On Friday we came away to the Midlands for son Richard’s Big Birthday Bash. We’re staying in a cottage near Bridgnorth. I’m writing this from my bed in the cottage, just as the sun’s coming up outside. It’s lovely, right next to the beautiful River Severn. Richard was already here when Bill and I arrived at 4.00 p.m. on Friday; Amie, her partner Angus and their two Cockerpoos arrived about an hour later; and Michael arrived about 8.00 p.m. having driven up from Wiltshire after work. Yesterday we all went into Shrewsbury for the day, took the dogs to the park. There was a flower show in town, but dogs weren’t welcome so we didn’t go. But lots of people did, and we passed several people carrying flowers and plants back to their cars. When we got home we drank champagne in honour of Richard’s birthday: Krug and Bollinger, both lovely. I love champagne, I’d drink it all the time if I could afford it, so it’s just as well I can’t! Later today, I think we’re taking the Severn Valley Steam Train into Bridgnorth: the station is just a short walk from the cottage, and we’ve often heard the whistle calling its departure. It runs every half hour or so, so we can go at our leisure. The last train back is just before 6.00 p.m. Perfect!
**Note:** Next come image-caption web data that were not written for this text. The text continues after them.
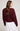 Spencer V-Neck Knit Sweater in Merlot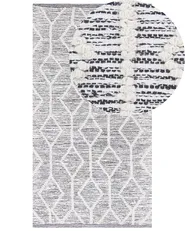 Dywan EDREMIT Szary 80 x 150 cm Wełna_747718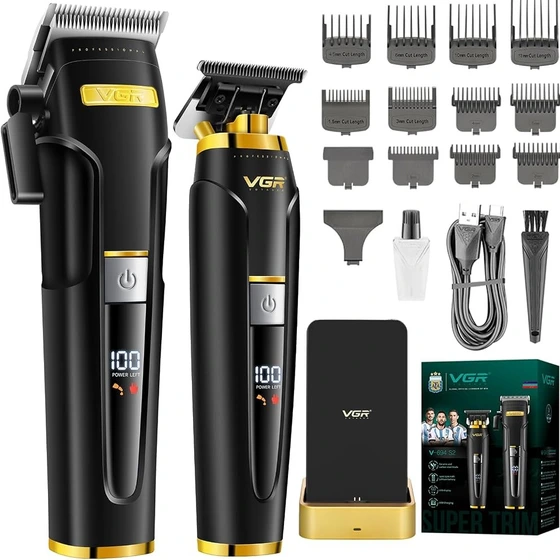 ست کامل ماشین اصلاح وی جی آر V-694S2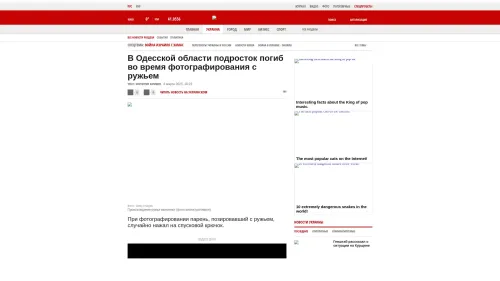 Bildschirmfoto des Originalartikels auf korrespondent.net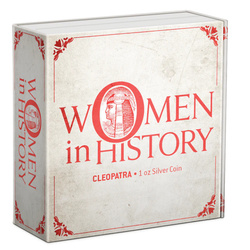 Niue: Women in History – Cleopatra colorata 1 oncia d'argento 2023 Proof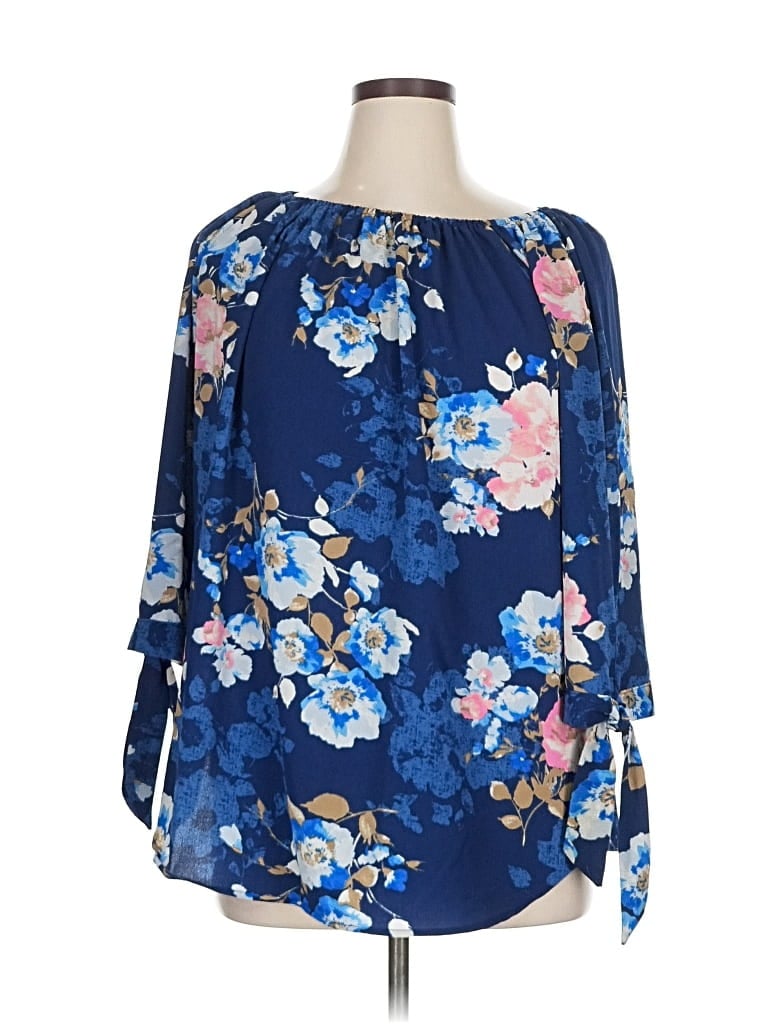 Pre-owned Misia 3/4 Sleeve Blouse In Blue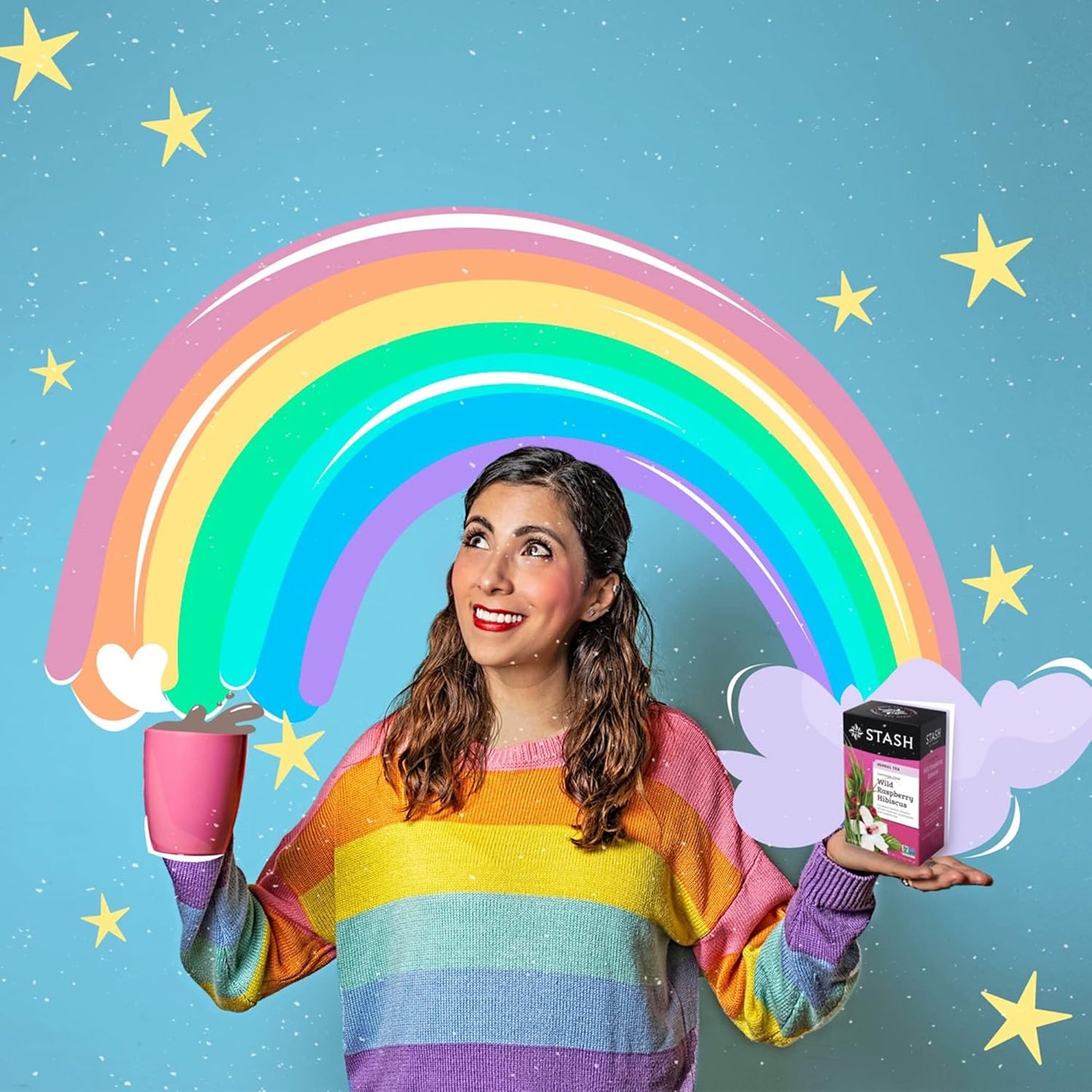 Stash Tea Pomegranate Raspberry & Matcha Green Tea - Caffeinated, Non-GMO Project Verified Premium Tea with No Artificial Ingredients, 18 Count (Pack of 6) - 108 Bags Total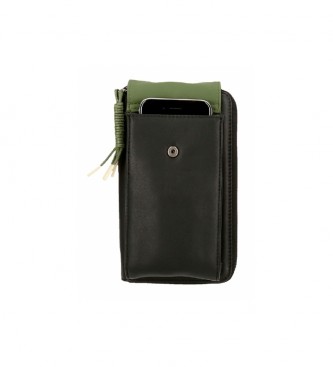 Pepe Jeans Bea mobile phone holder wallet-bandolier black -11x20x4cm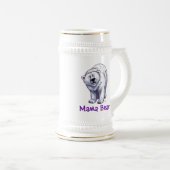 Mama Bear Polar Bear Stein Bierglas (VorderseiteRechts)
So there you have it; another week gone. It’s less than four weeks to the Viva now, and the final decision on the PhD. I’m trying to remain optimistic. My champagne flute, as ever, is half full.
And so, a poem: this is an alternative mother poem about my Aunt Mary. She was my dad’s oldest sister, and a surrogate for the grandmother I never knew. Aunt Mary had lots of wonderful sayings that I used to tell the children I taught: “My old Aunt Mary used to say…” I don’t think they believed me most of the time, but it was all true. My favourites were “…I love hard work, I could watch it all day”; and “…you can call me anything you like, but don’t call me late for my dinner.” That last one came in very handy for playground fallings out! Aunt Mary was blind but I swear she could see more than most people. My sister and I had hula hoops for Christmas one year and we had an on-going competition to see who could do more hula hoops. One Saturday morning when I was in the house alone with Aunt Mary I did 143 and she was my only witness. She said she felt the hula hoop whistling past her ears; but they wouldn’t allow the record because, they said, I might have been blowing in her ear. As if you could fool Aunt Mary like that. I forgot to mention she was a world champion hiccupper too. She performed the most outrageously loud hiccups you ever heard: UUURRRRDUH! YAAAKKITY! You’d hear them three fields away. My sister and I would be silently peeing ourselves laughing behind her chair while she hiccupped her way through the morning; but not silently enough, obviously! “I know you young buggers are laughing at me,” she’d say.
Alternative Mother #12
Mary R
You say there’s none so blind
as them as don’t want to see.
You buy me a scarlet coat
so I’ll stand out from the crowd,
knit me rainbow socks on four needles,
make me feel their colours.
You show me how even
silent laughing can be loud
if you listen hard enough.
Your bosom
is a plumptious pillow for a story;
you tell me there is no tumbler in this life
that isn’t at least half full.
Be true to yourself, you say.
Live in peace with others
but always be your own lover.
Fingertips are as useful as eyes,
you reckon, knuckles as feeling as fingertips
for finding your way out of dark spaces.